Tuesday, May 05, 2009

Torture has Cheney's Fingerprints All Over It.



Jane Mayer talks here about the fact that the more one looks into the torture question and who authorised it, the more one feels the presence of Dick Cheney hovering over the entire proceedings.

And the important points aren't the ones that are being made here. For instance, it's a cheap point that Condi got the amount of Americans killed wrong, or that she gets the number of stories in the twin towers wrong.
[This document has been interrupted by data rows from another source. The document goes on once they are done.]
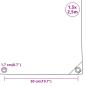 Preview: Abdeckplane Grau 1,5x2,5 m 650 g/m²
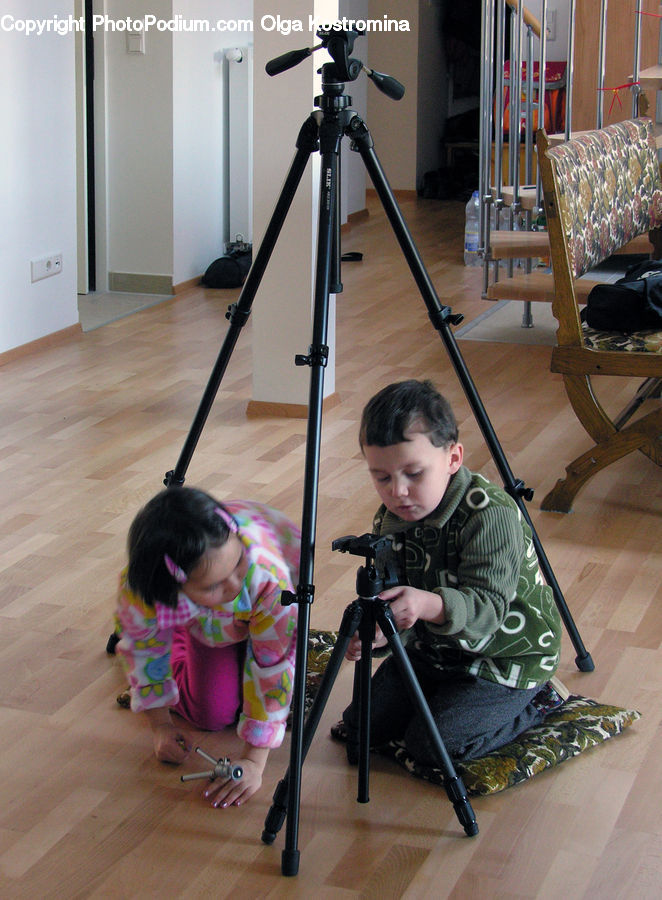 Tripod, People, Person, Human, Chair, Furniture, Stroller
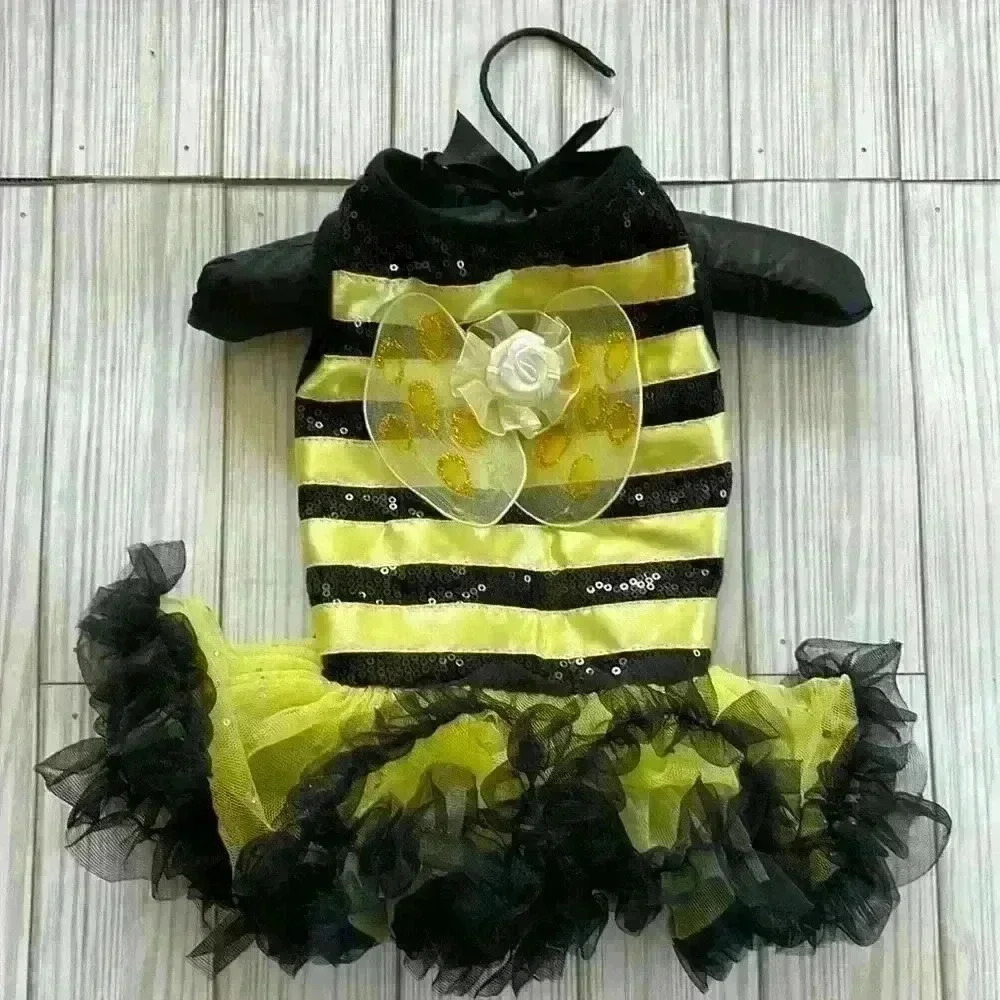 Halloween bumble bee small dog pet costume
Much more important was the fact that the Bush administration were warned that an attack was planned and that they did nothing.
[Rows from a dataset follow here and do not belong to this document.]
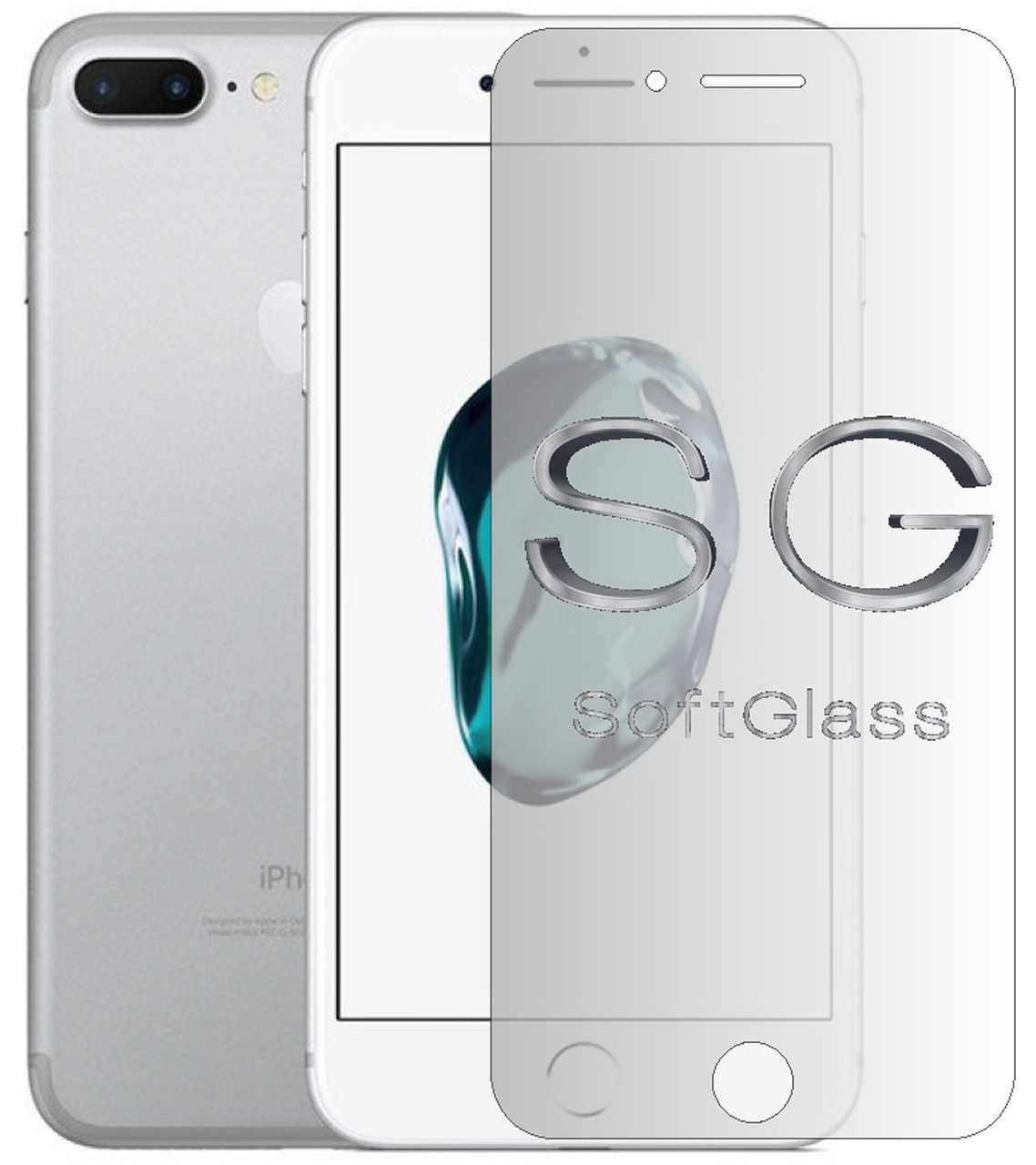 М'яке скло для Apple iPhone 7 Plus на екран поліуретанове SoftGlass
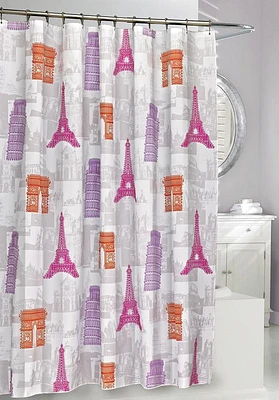 Rideau de douche architecture en dentelle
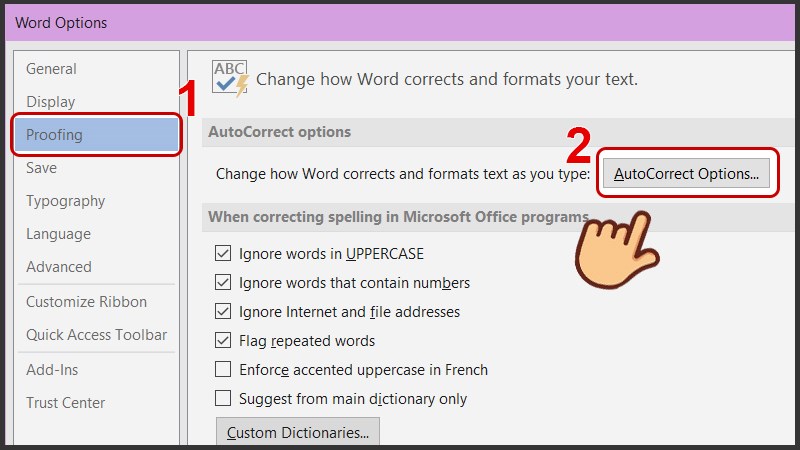 Cách bật Dấu nháy kép thông minh trong Word - Hướng dẫn chi tiết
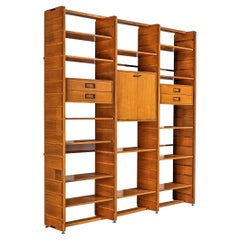 Gianfranco Frattini for Cantieri Carugati Large Library in Walnut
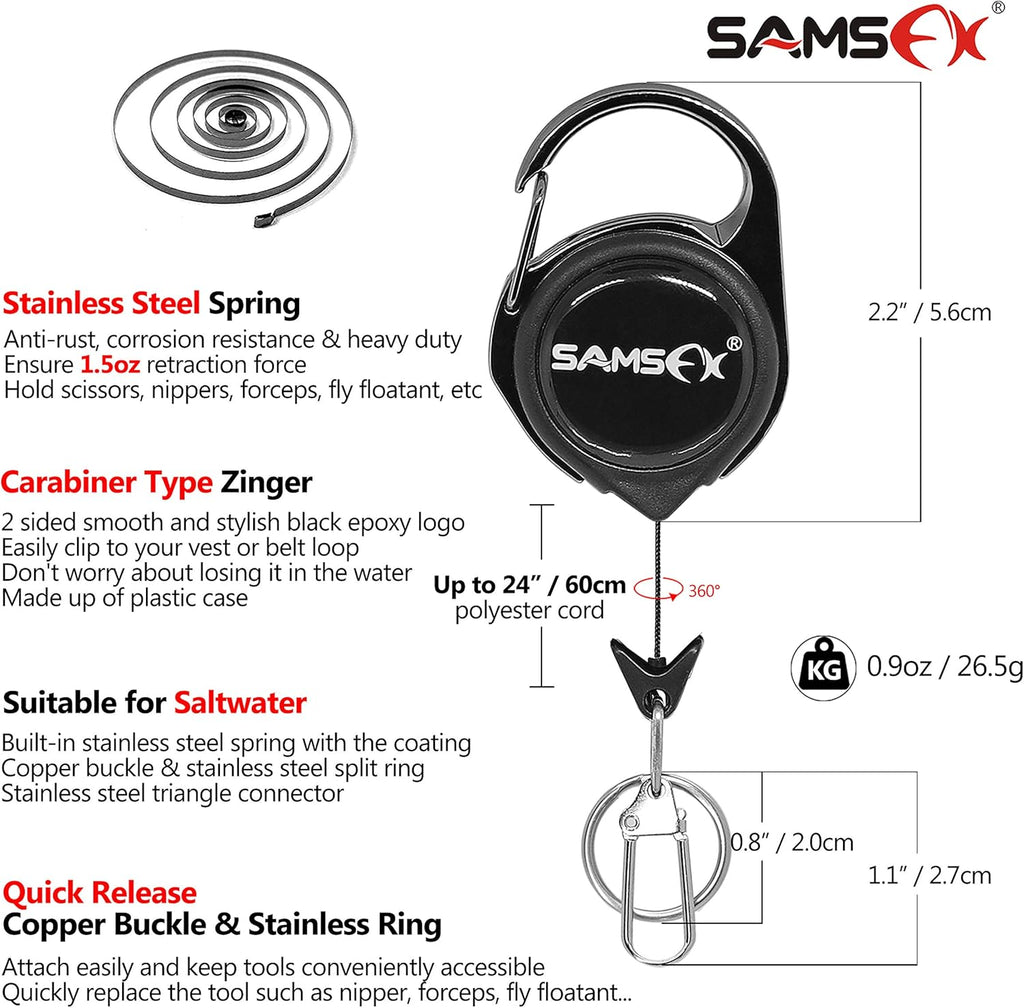 SAMSFX Fishing Knot Tying Tool - Multifunctional Fly Fishing Nippers for Quick Knot Tying | Durable Fishing Clippers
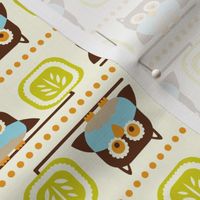 Owl Town - Whimsical Birds Cream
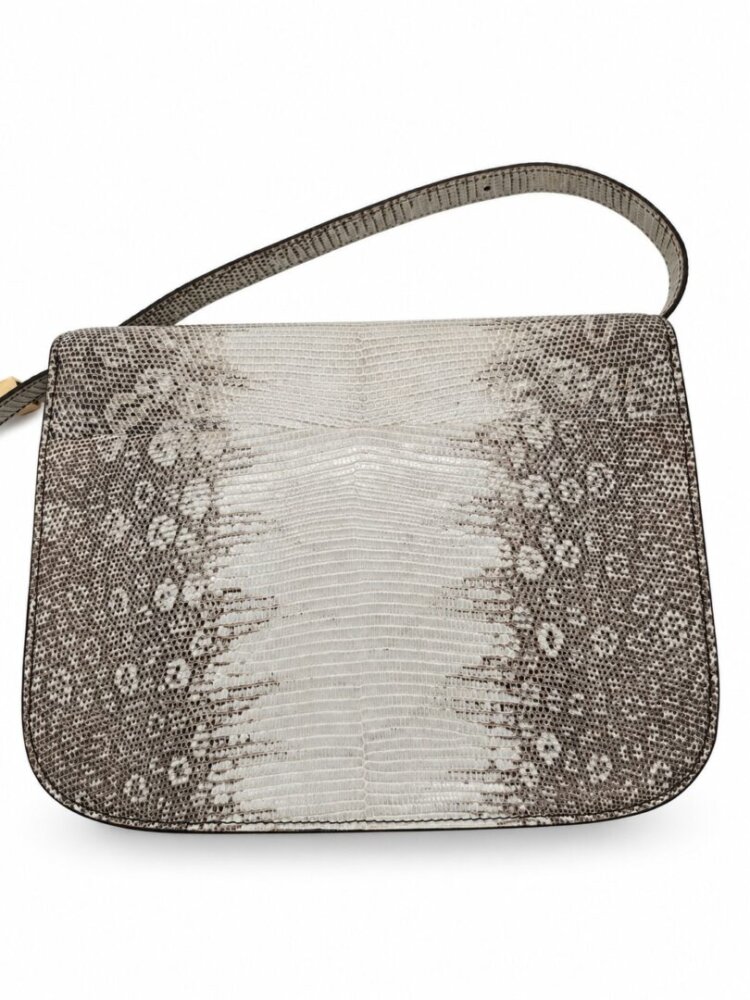Celine Lizard Medium Classic Box Flap Bag Mineral - Image 4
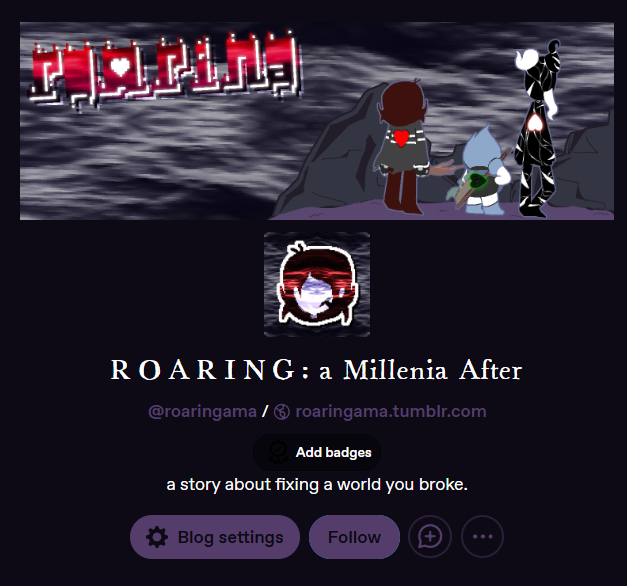 ROARING: a Millennia after tweet media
We've known for years now that George W. Bush received a presidential daily briefing on Aug. 6, 2001, in which he was warned: "Bin Laden Determined to Strike in U.S." We've known for almost as long that Bush went fishing afterward.
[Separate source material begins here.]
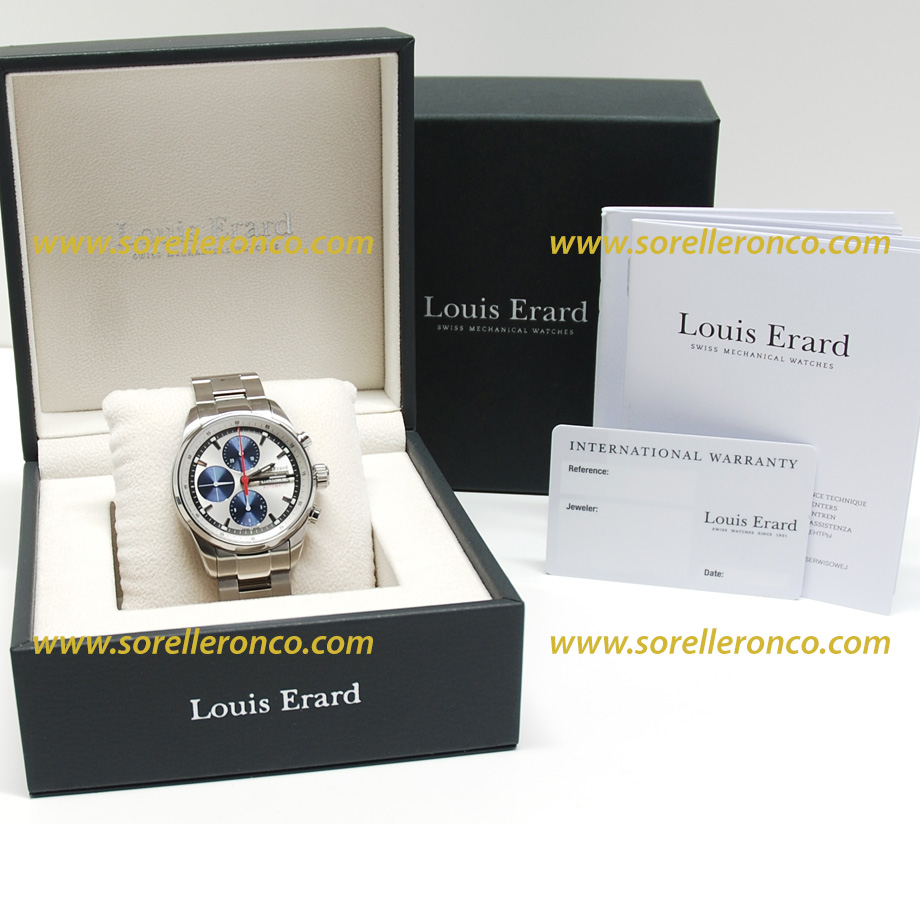 Louis Erard Heritage Chronograph Automatic Mens Watch 78102aa04.bma22 In  Mop / Mother Of Pearl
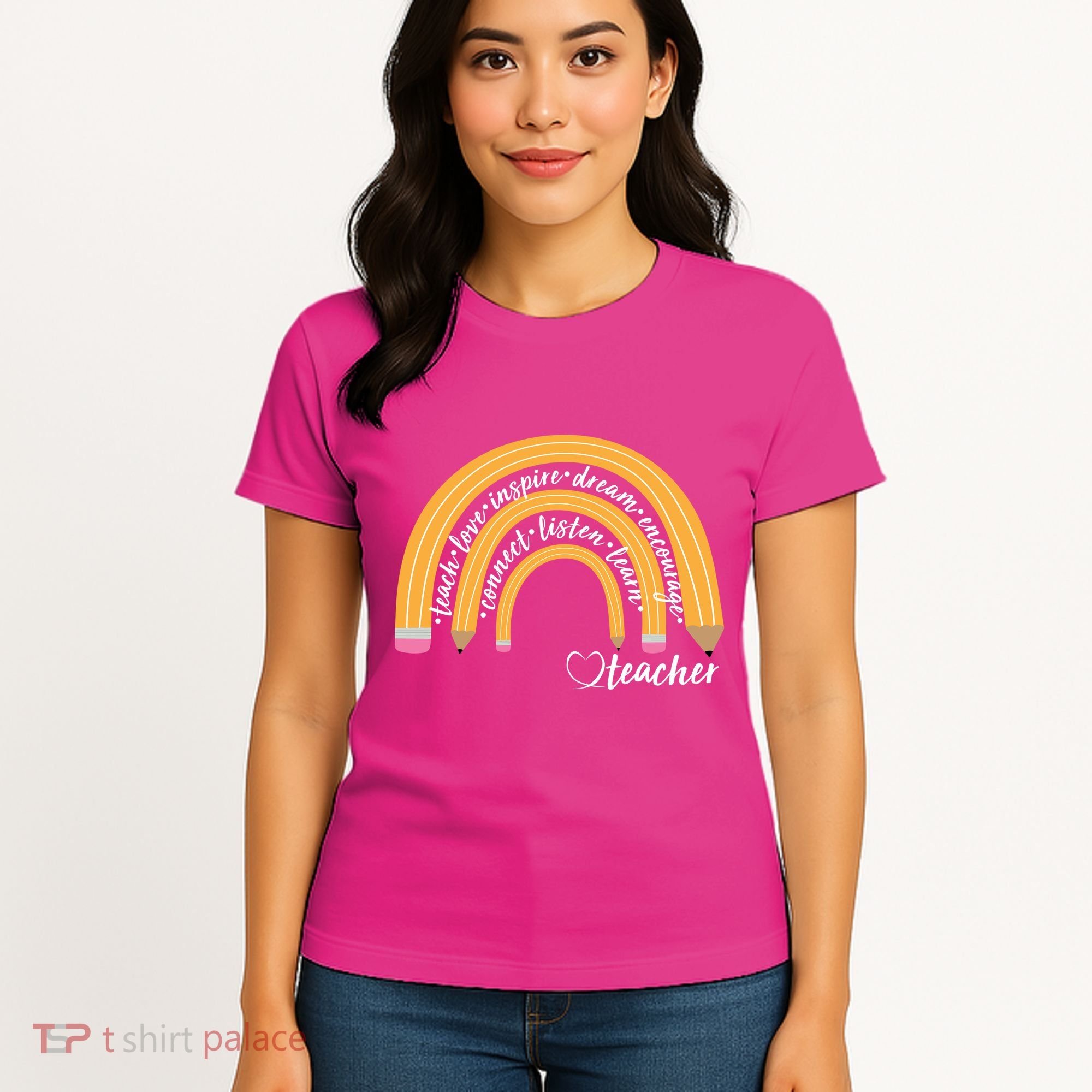 Teach Love Inspire Dream Encourage Teacher Love Women's T-Shirt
What we didn't know is what happened in between the briefing and the fishing, and now Suskind is here to tell us. Bush listened to the briefing, Suskind says, then told the CIA briefer: "All right. You've covered your ass, now."

George Tenet, on hearing that the US was under attack:
"I hope its not those guys from the midwest flight school"
I understand that their failure to take action on the intelligence they received prior to 9-11 made them jumpy. They knew that the public had every right to blame them for not pursuing more aggressively the leads which were in their possession, and that this led them to dread a second attack as possibly fatal to their administration.

But the extent that they went to in order to prevent a second attack clearly strayed into illegality. Perhaps, given the anxieties of the time, this is understandable to some people, which is - I think - the case which Condi is trying to make. What's not understandable however, is the fact that these illegal practices continued for years afterwards.

And the more that comes out, the more that one feels that Dick Cheney was the man pushing the US down this illegal road. It really is not possible to talk of investigation and possible prosecutions without putting Cheney's name at the very top of the list.